When we first saw the property it was winter and since most of the trees are broadleaf in the region, the landscape was absolutely grim. Everything looked dead and every abandoned car, old tractor, lawn mower and piece of junk that had been lost over the years was visible. I was not thrilled. It was only after I saw the pictures of the property taken during the other eight months of the year that Lori convinced me that we wouldn’t succumb to depression and head back to Florida after only a few hours.

So we closed on the property on Good Friday and began setting up our cabin as our place to relax and get away from it all. We needed basically everything, so of course the first thing Sunday morning… we went straight to the Home Depot, two towns over in Blairsville.

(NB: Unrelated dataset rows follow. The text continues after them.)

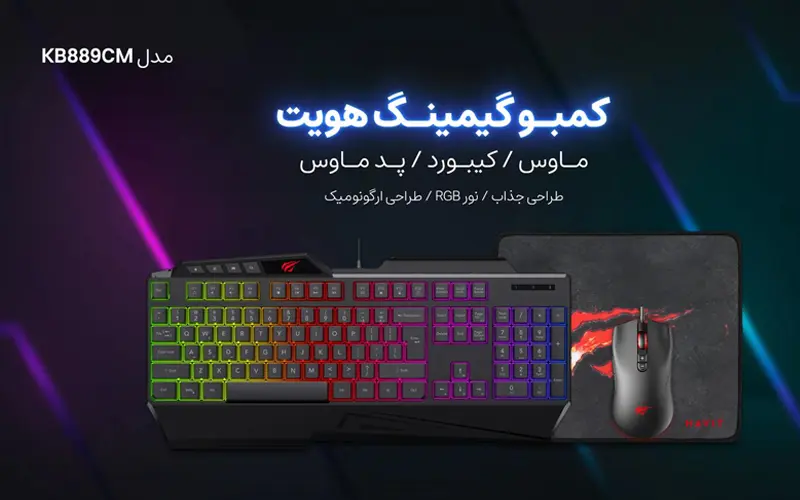 بهترین برند کیبورد گیمینگ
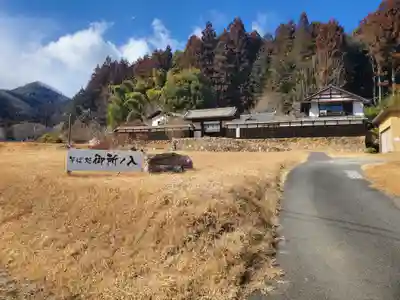 清水八幡宮(栃木県)
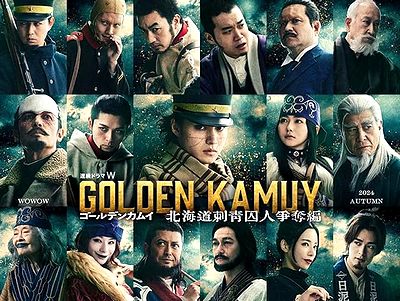 04ゴールデンカムイドラマ9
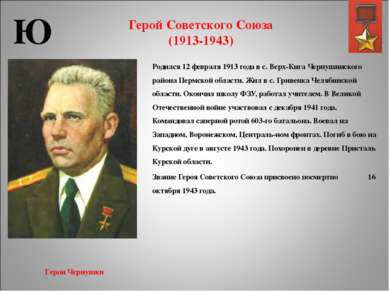Герой Советского Союза (1913-1943) Родился 12 февраля 1913 года в с. Верх-Киг...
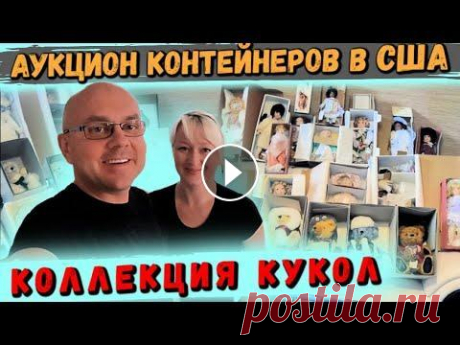 Аукцион Контейнеров В США! Нашли Старинные КУКЛЫ! СКОЛЬКО СТОЯТ ВИНТАЖНЫЕ КУКЛЫ?! Lenox Disney Doll Аукцион Контейнеров В США! Нашли Старинные КУКЛЫ! СКОЛЬКО СТОЯТ ВИНТАЖНЫЕ КУКЛЫ?! Lenox Disney Doll ✅Присоединяйся к ВИП Подписчикам! ✅...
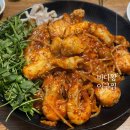 (수용지구)PC-11 | 수완지구 맛집 추천｜가성비 끝판왕 바다왕아구찜수완점 아구찜 솔직 후기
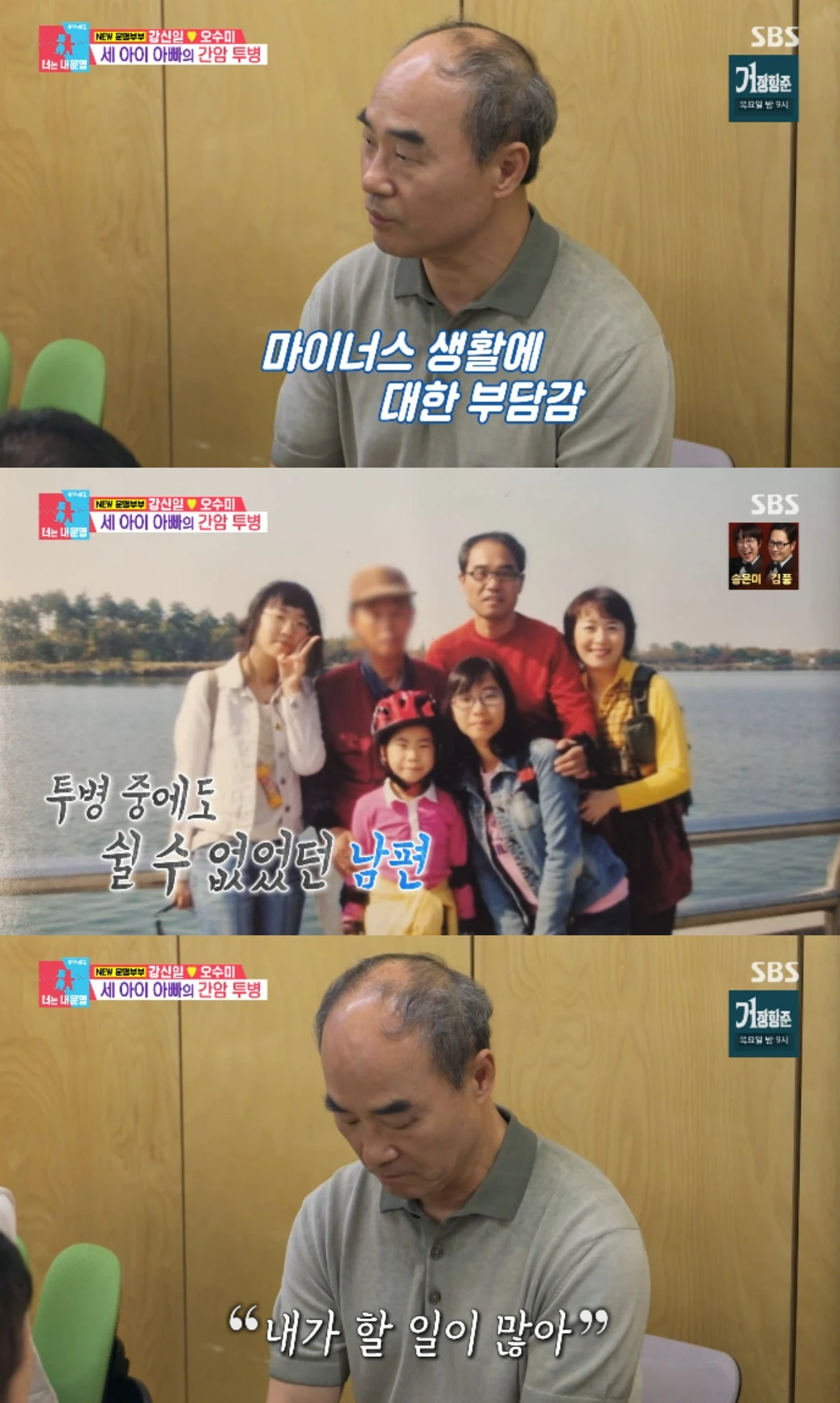 SBS 예능 프로그램 '동상이몽2 - 너는 내 운명' 방송화면 캡처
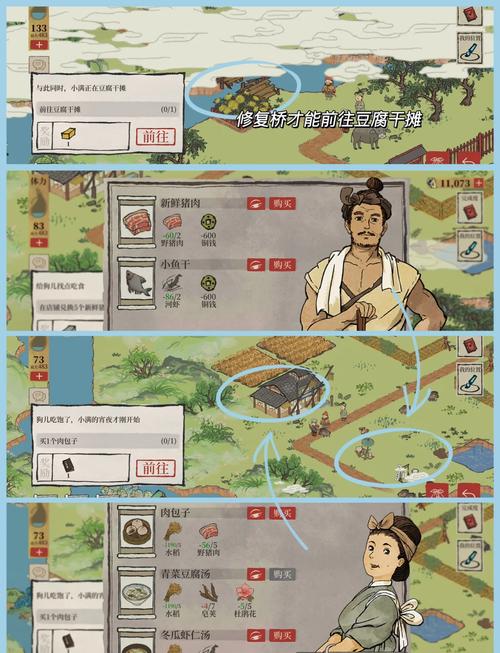 神雕侠侣2手游江南名伶奇遇任务全攻略,解锁隐藏剧情,探索武侠世界的无限可能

A thousand dollars later we were coming out with our three carts full of “house stuff,” when Lori spotted a handwritten note stuck on the windshield of our well-marked Nelson Marine Construction pick-up truck. Lori, who had up to this moment been treasuring the anonymity of the mountains, read the note out loud. “Ben Nelson… is that you?” Her hands fell down to her sides and she looked straight up. “Oh come on! You’ve got to be kidding! People even know you up here?” She handed me the note. It was from some really good friends of mine who had moved away from Bonita Springs decades ago. I had no idea where they had moved to and I hadn’t heard from them since, so I was pretty surprised. The note said to meet them in the garden center and as we walked in the door, like magic… after twenty years, there they were! We hugged and laughed at how unlikely and serendipitous it was for us to have bought a place twenty five minutes from where they had moved to so long ago and that we had somehow managed to find each other on our first day there, on Easter Sunday in the Home Depot. But that was just the beginning.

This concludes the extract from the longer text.